(Excerpts from a dataset)
==========
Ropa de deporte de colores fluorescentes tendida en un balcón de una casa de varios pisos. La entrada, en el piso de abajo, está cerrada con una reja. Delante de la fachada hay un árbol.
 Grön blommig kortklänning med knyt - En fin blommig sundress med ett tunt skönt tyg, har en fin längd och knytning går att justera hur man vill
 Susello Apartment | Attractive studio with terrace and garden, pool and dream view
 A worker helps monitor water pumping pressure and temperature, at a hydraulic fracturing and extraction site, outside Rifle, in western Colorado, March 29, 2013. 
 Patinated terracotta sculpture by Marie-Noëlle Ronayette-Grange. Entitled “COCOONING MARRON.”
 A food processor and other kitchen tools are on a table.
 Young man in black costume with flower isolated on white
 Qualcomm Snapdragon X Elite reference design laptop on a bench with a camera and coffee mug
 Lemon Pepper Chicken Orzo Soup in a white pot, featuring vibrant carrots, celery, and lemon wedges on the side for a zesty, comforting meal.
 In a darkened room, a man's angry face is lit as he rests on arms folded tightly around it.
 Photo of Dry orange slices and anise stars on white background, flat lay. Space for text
==========
▶ **THE TASK**: Search the data for "with". Copy every line that has it.

▶ **RESPONSE**:
 Susello Apartment | Attractive studio with terrace and garden, pool and dream view
 Young man in black costume with flower isolated on white
 Qualcomm Snapdragon X Elite reference design laptop on a bench with a camera and coffee mug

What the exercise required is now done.